Resolving deltas: 100% (188/188), done.
Looking in indexes: https://pypi.org/simple, https://us-python.pkg.dev/colab-wheels/public/simple/
Collecting pynvml
  Downloading pynvml-11.5.0-py3-none-any.whl (53 kB)
     ━━━━━━━━━━━━━━━━━━━━━━━━━━━━━━━━━━━━━━━━ 53.1/53.1 kB 7.7 MB/s eta 0:00:00
Installing collected packages: pynvml
Successfully installed pynvml-11.5.0
***********************************************************************
Woo!

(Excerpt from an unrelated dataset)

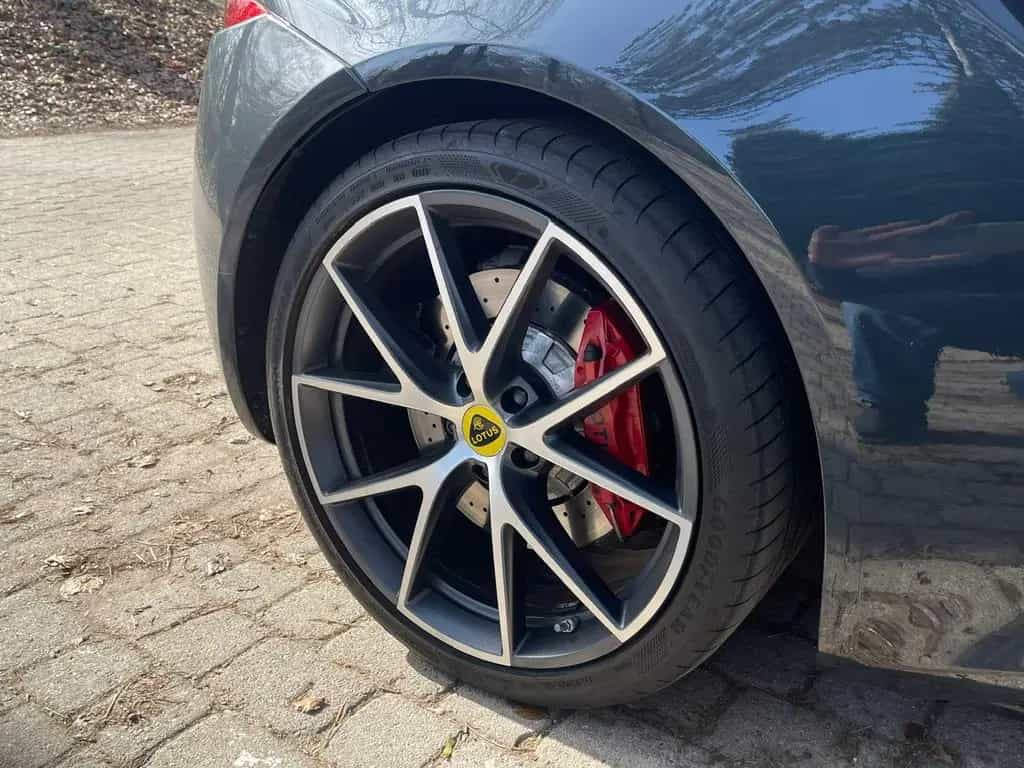 Lotus Emira i4 First Edition - Inspektion 3/26 05/2024-photo-9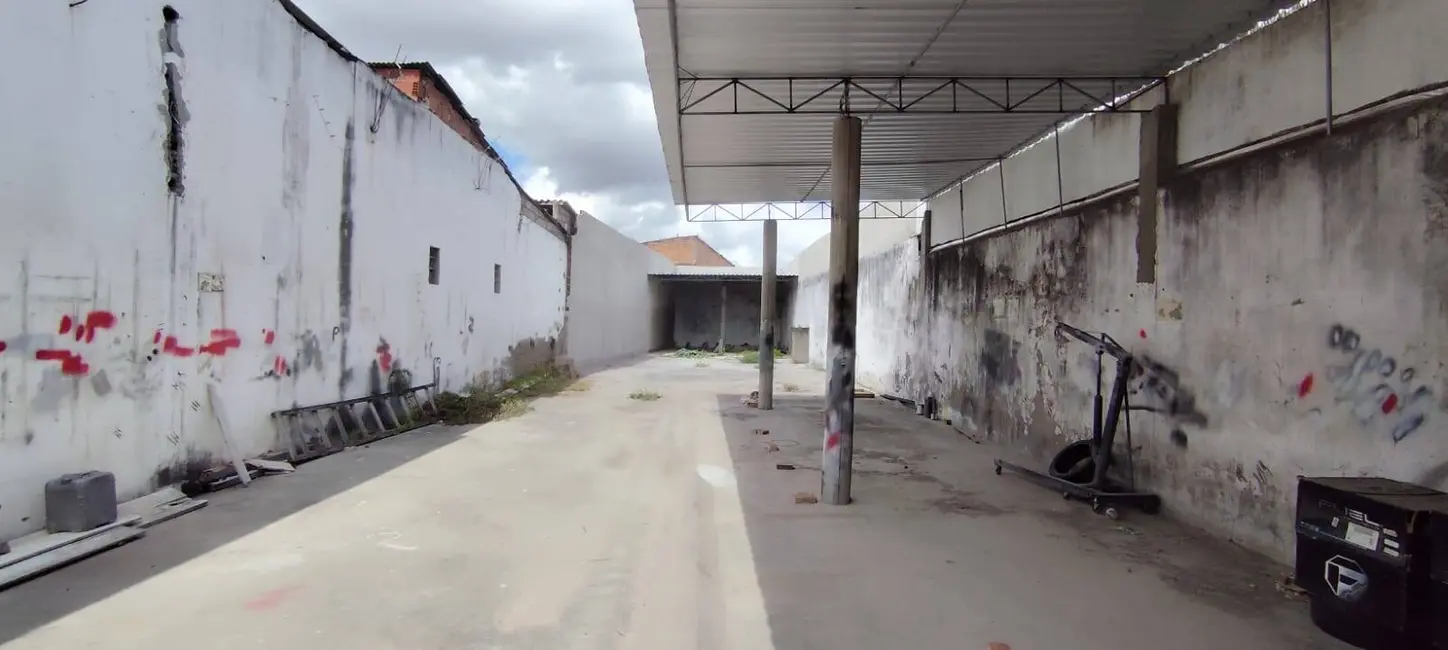 Armazém / Galpão à venda e para alugar, 480m2 em Sobradinho, Feira De Santana - BA - imagem 1 Foto 1 de Armazém / Galpão à venda e para alugar, 480m2 em Sobradinho, Feira De Santana - BA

Your instance has the right kind of GPU, a NVIDIA A100-SXM4-40GB!
We will now install RAPIDS cuDF, cuML, and cuGraph via pip! 
Please stand by, should be quick...
***********************************************************************



**Prepare files**

In [None]:
VER = 5

import pandas as pd, numpy as np
from tqdm.notebook import tqdm
import os, sys, pickle, glob, gc
from collections import Counter
from pandarallel import pandarallel
import cudf, itertools
print('We will use RAPIDS version',cudf.__version__)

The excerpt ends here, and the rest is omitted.